Mar 2, 2026
A random variable is a variable, a symbol that takes the place of number in an equation or inequality, and the probability of the values it can have. Random variables are specified by their cumulative distribution function F^X(x), or just F(x), if X is understood, giving the probability X\le x.
Every cdf must satisfy 0\le F\le 1 since it is a probability and is nondecreasing, F(x) \le F(y) if x < y, since X\le x implies X\le y.
Exercise Show every cdf is right continuous.
Hint. This means \lim_{h\downarrow 0} F(x + h) = F(x). Use (-\infty, x] = \cap_{h>0} (-\infty, x + h].
Exercise Show every cdf has left limits.
Hint. This means \lim_{h\downarrow 0} F(x - h) exists. Use (-\infty, x) = \cup_{h>0} (-\infty, x - h] and every bounded set in {\boldsymbol{R}} has a least upper bound.
Any function satsifying these properties is the cdf of a random variable.
The expected value, or mean, of X is the Riemann-Stieljes integral E[X] = \int_{\boldsymbol{R}}x\,dF(x). The greek letter μ is typically used for this. Expected value is a measure of central tendency providing a single number indicating the location of X. The median of X is the number m with F(m) = P(X \le m) = 1/2. It provides a more robust measure of location. Values of F(x) for x > m or x < m do not change the median.
The expected value of f(X) for a function f\colon{\boldsymbol{R}}\to{\boldsymbol{R}} is E[f(X)] = \int_{\boldsymbol{R}}f(x)\,dF(x).
Exercise. If f is continuous show \int_{{\boldsymbol{R}}} f(x)\,dF(x) = f(a) when F(x) = 1(x \ge a).
Hint. All terms in the Riemann-Stieljes integral are zero except for the interval containing a.

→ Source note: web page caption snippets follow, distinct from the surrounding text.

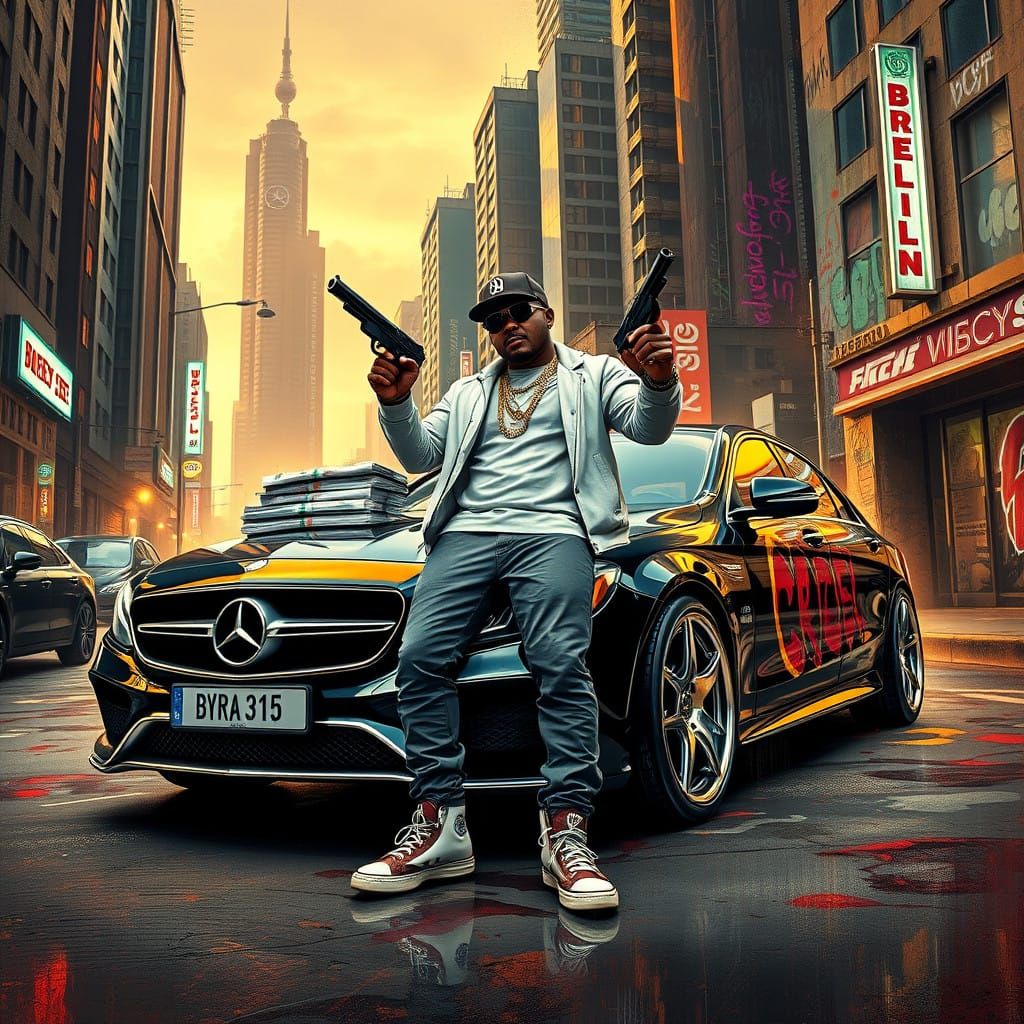 Gritty Urban Fantasy in Neon Berlin: White Rapper with Merce...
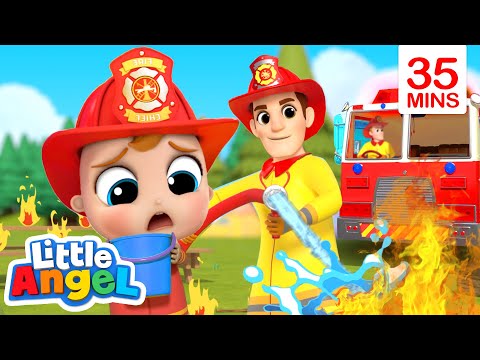 Firefighters To The Rescue + More | Little Angel Kids Songs & Nursery Rhymes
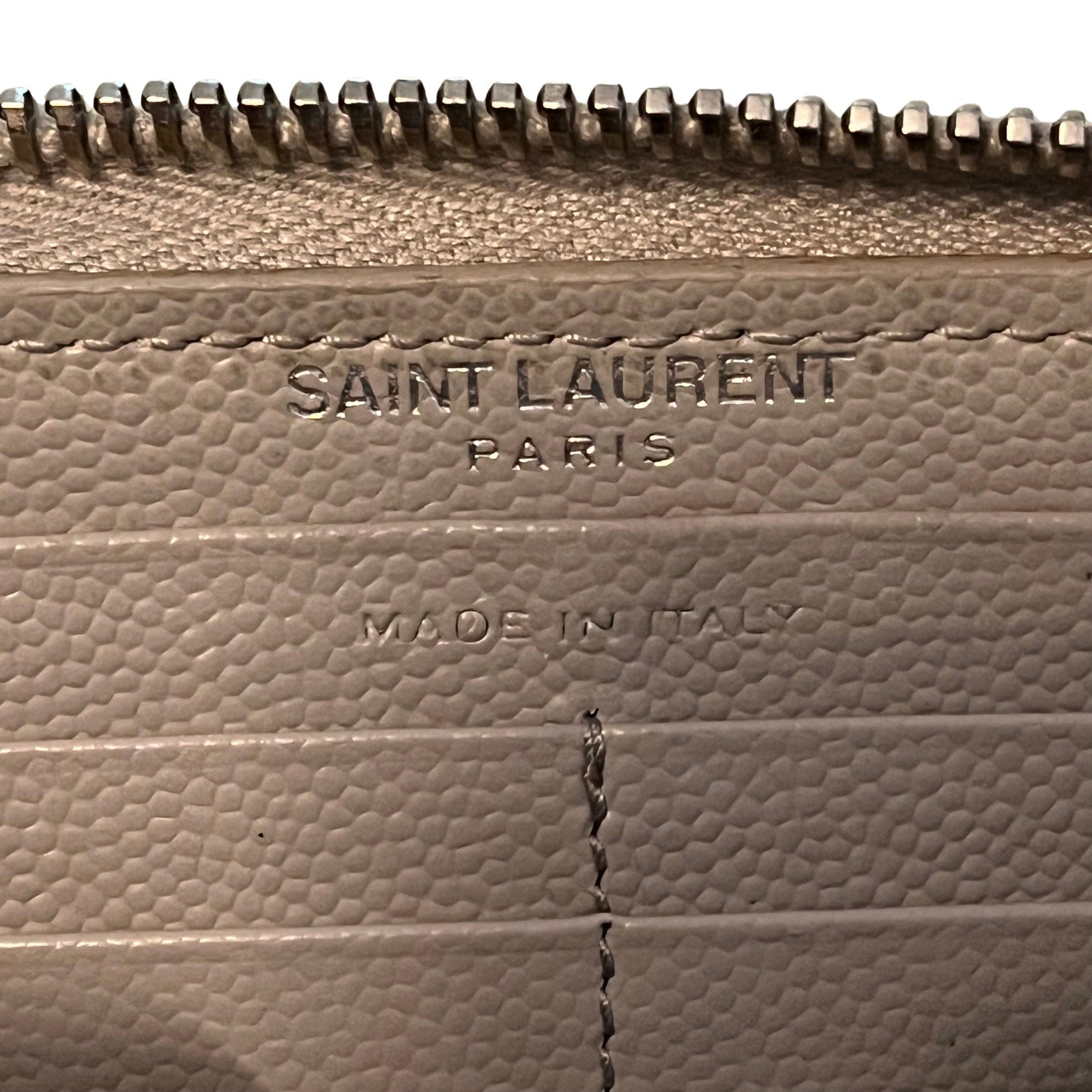 Saint Laurent Monogram Matelassé Zip Around Wallet Gray
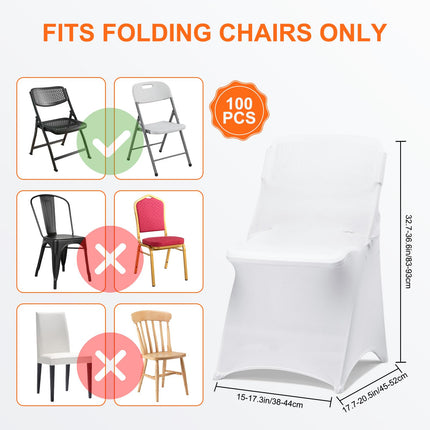 RhymBar 100-Pieces Universal Fitted Polyester White Folding Chair Stretch Seat Covers for Party, Spandex Chair Covers for Wedding, Parties & Banquet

If A is a set the indicator function 1_A(x) is 1 when x\in A and 0 when x\not\in A. If A(x) is a proposition, a statement that is either true or false, involving x then 1(A(x)) is 1 when A(x) is true and 0 when A(x) is false.

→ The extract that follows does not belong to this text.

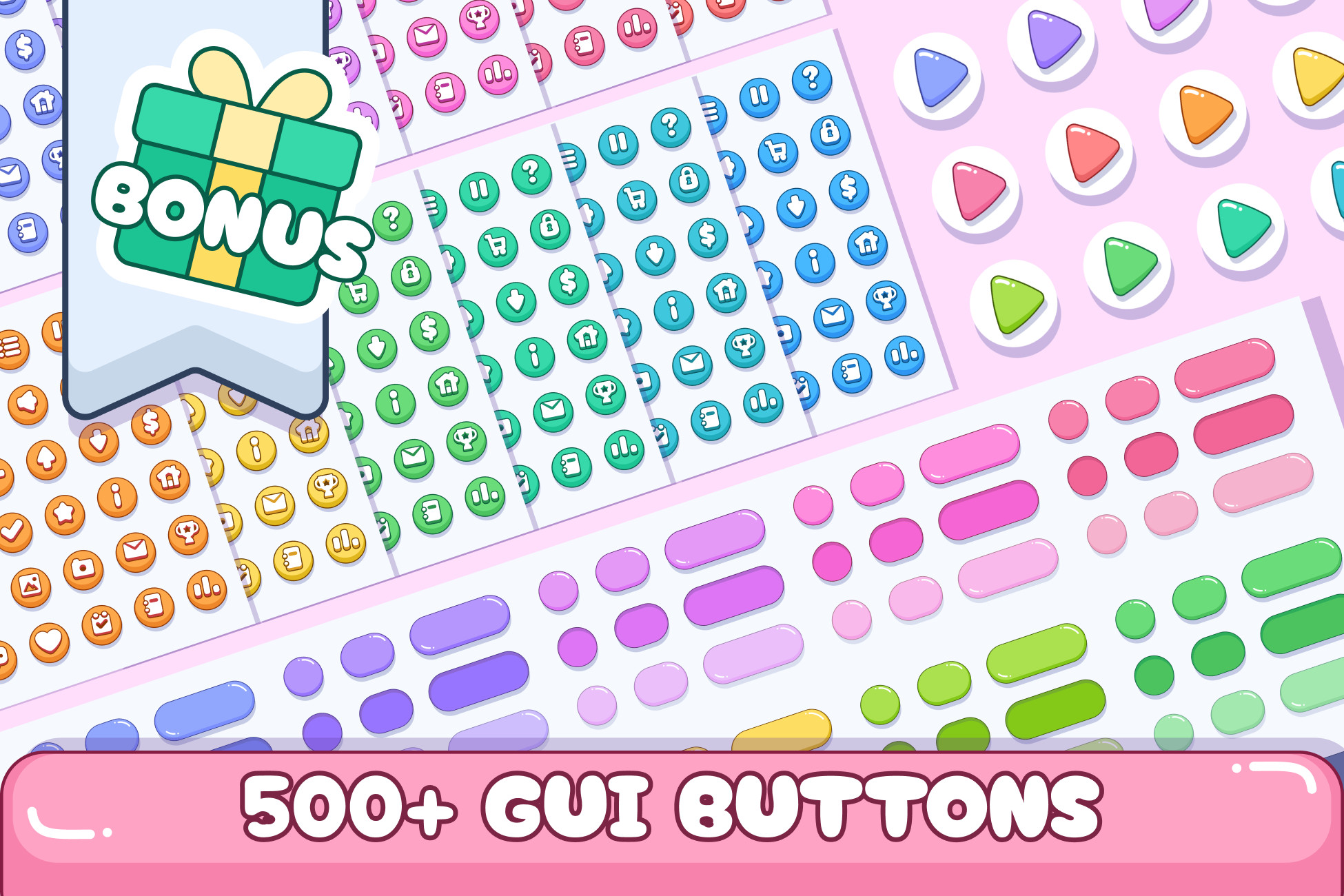 Colored UI Buttons Pack | 2D GUI | Unity Asset Store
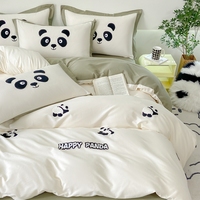 Ensembles en coton panda heureux de couleur personnalisée avec drap housse housse de couette drap plat taie d'oreiller pour hôtel pour la maison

✓ Exercise. If X = a with probablity one show F(x) = 1(x < a).
This is also written as dF(x) = δ_a(x), the delta function with unit mass at a. Delta functions are set functions. Given a set A the delta “function” δ_a(A) is 1 if a\in A and 0 if a\not\in A.
A random variable X is discrete if P(X = x_j) = p_j where p_j > 0 and \sum_j p_j = 1. The data (x_j, p_j) completely specify the random variable.

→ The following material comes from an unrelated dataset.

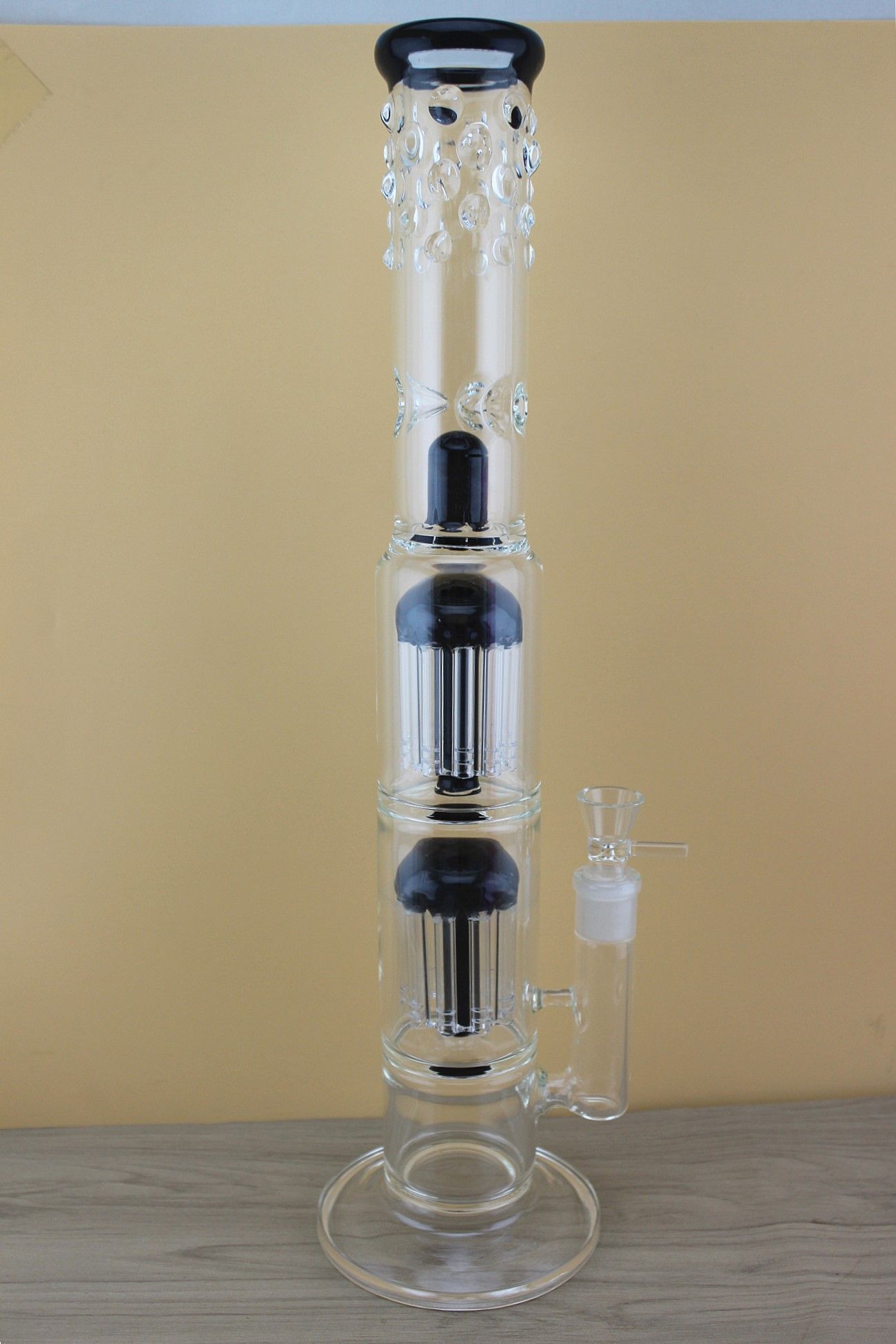 2017 New Large Glass Bongs 2*12 Arm Filtration Glass Water Pipe Glass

A discrete random variable that can only take on values 0 or 1 is called Bernoulli. A Bernoulli random variable is specified by a single number p\in(0, 1) where P(X = 1) = p. This implies P(X = 0) = 1 - p.
A random variable X is continuously distributed if F(x) = \int_{-\infty}^x dF(u) = \int_{-\infty}^x F'(u)\,du. The function f(x) = F'(x) is the density function of the random variable.
The random variable U is uniformly distributed on the interval [0,1] if it has density function f(x) = 1_{[0,1]}(x), -\infty < x < \infty. A remarkable fact is that every random variable can be defined using this. Random variables have the same law if they have the same cumulative distribution function.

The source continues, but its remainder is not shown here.